Be sure to build in some time to explore the park. Peaceful and green, you’ll find it easy to immerse in the natural surroundings.
The facades on the east size are dramatic and quite impressive. Covered with green, they must be simply spectacular in the fall!
There are some lovely fan lights on this side street right off of St. Stephens Green.
A very short street, it leads to another atmospheric side street, Ely Place.
Ely Place has some of the most elegant and well-kept doors in the city.
I wander this area awe-struck by the quiet grace of these Georgian facades.
My walk is coming to an end, as now there’s just enough time to grab a coffee before heading to the airport and back home to Italy.
I can’t think fo a better way to end my self-care week in Ireland, than time spend doing something that makes my heart flutter.
Leaving the city, I am grateful and filled with hope after a wonderful summer break.
More Georgian Architecture
Dublin is full of Georgian grandeur, so if you’re looking to explore some more, here are some options that weren’t a part of this walk.
Henrietta Street is a beautiful Georgian period terrace north of the River Liffey.
It’s also the home of 14 Henrietta Street. This social history museum is the most intact collection of 18th century houses in Dublin.
And worth a visit if you love history or architecture.
I stumbled across this square on my way to Grand Canal Dock area and it was such a happy surprise.
Potted plants and flowers seem to be the order of the day in this little corner of the world. Making it a whimsical and unexpected surprise.
I bet these stoops add some positivity to the neighbor’s day!
Tools for a Mindful Photo Walk
You don’t need much for a photo walk, even capturing images with a SMART phone makes for a lighter and more relaxing experience.
On this walk I didn’t have a wide angle lens for my DSLR, but I did have my IPhone Moment Wide 18mm Lens. It works like a charm when you can’t step back any further because cars are in the way, but still want to capture a building facade. 😉
An ideal backpack for a photo walk is The Brevite Jumper Photo Backpack. This minimal design backpack can carry a DSLR, drone & tripod if needed.

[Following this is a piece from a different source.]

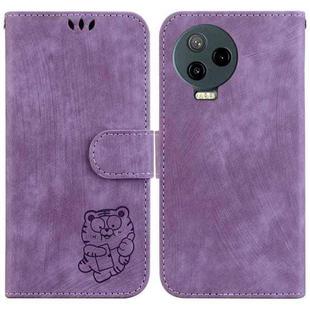 For Infinix Note 12 2023 / 12 Pro 4G Little Tiger Embossed Leather Phone Case(Purple)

Yet, the best feature is the quick access side zip pocket. It allows you to get to your camera without unzipping the entire bag! Making it super convenient.
I have the pine green color and love the versatility of a camera bag that doesn’t look like a camera bag.
Dublin’s doors are worth a wander in any weather and deserve a spot on your next Dublin itinerary.
A peek into an era gone by, they’ll also brighten today with some color and happiness!